The FruitShell French synthesis system at the Blizzard 2023 Challenge

This paper presents a French text-to-speech synthesis system for the Blizzard Challenge 2023. The challenge consists of two tasks: generating high-quality speech from female speakers and generating speech that closely resembles specific individuals. Regarding the competition data, we conducted a screening process to remove missing or erroneous text data. We organized all symbols except for phonemes and eliminated symbols that had no pronunciation or zero duration. Additionally, we added word boundary and start/end symbols to the text, which we have found to improve speech quality based on our previous experience.
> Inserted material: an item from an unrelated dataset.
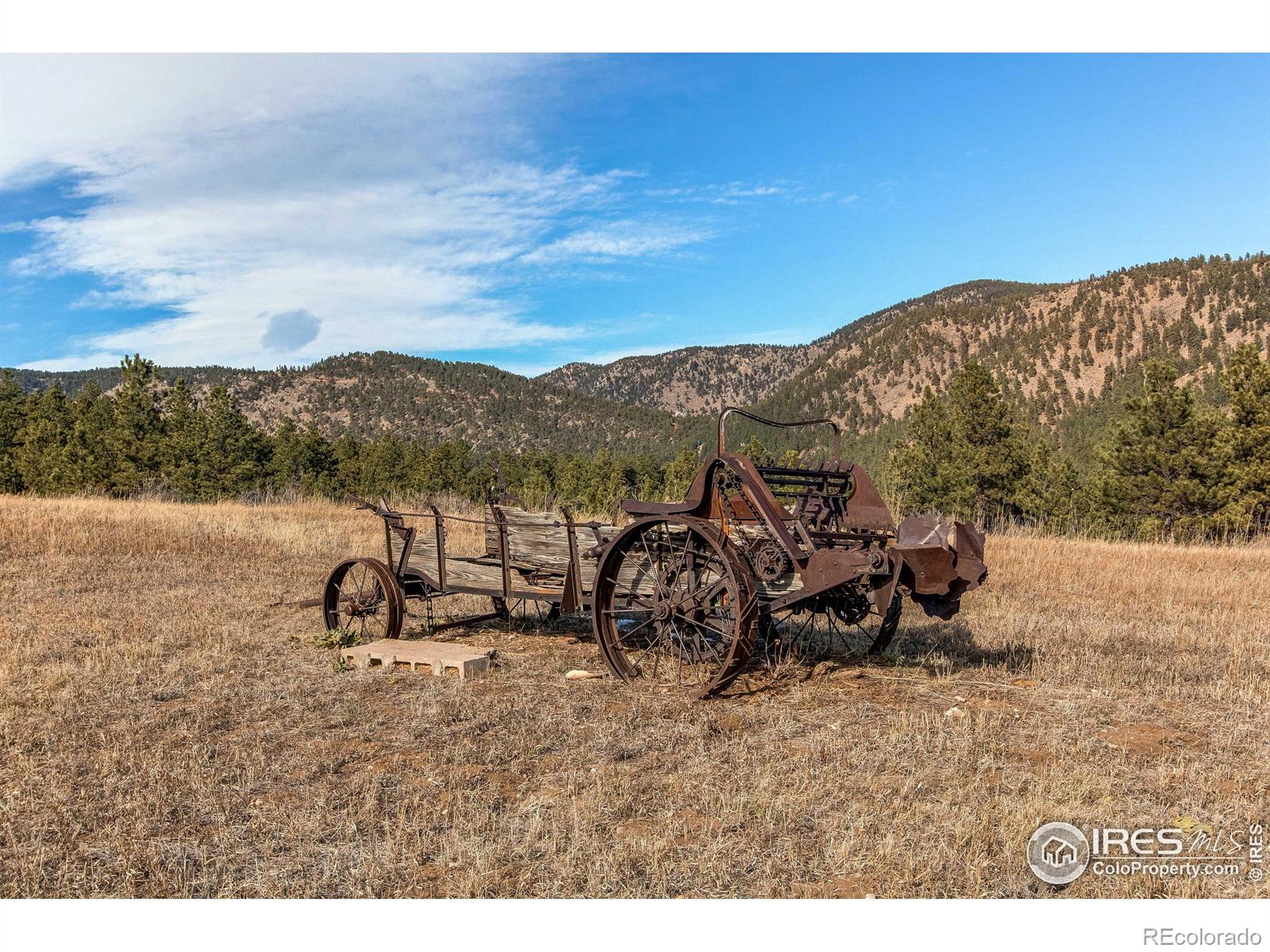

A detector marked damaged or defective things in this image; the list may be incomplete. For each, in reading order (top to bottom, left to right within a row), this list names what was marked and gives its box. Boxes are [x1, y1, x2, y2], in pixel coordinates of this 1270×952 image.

rusty farm implement [320, 406, 991, 695]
For the Spoke task, we performed data augmentation according to the competition rules. We used an open-source G2P model to transcribe the French texts into phonemes. As the G2P model uses the International Phonetic Alphabet (IPA), we applied the same transcription process to the provided competition data for standardization. However, due to compiler limitations in recognizing special symbols from the IPA chart, we followed the rules to convert all phonemes into the phonetic scheme used in the competition data. Finally, we resampled all competition audio to a uniform sampling rate of 16 kHz. We employed a VITS-based acoustic model with the hifigan vocoder. For the Spoke task, we trained a multi-speaker model and incorporated speaker information into the duration predictor, vocoder, and flow layers of the model. The evaluation results of our system showed a quality MOS score of 3.6 for the Hub task and 3.4 for the Spoke task, placing our system at an average level among all participating teams.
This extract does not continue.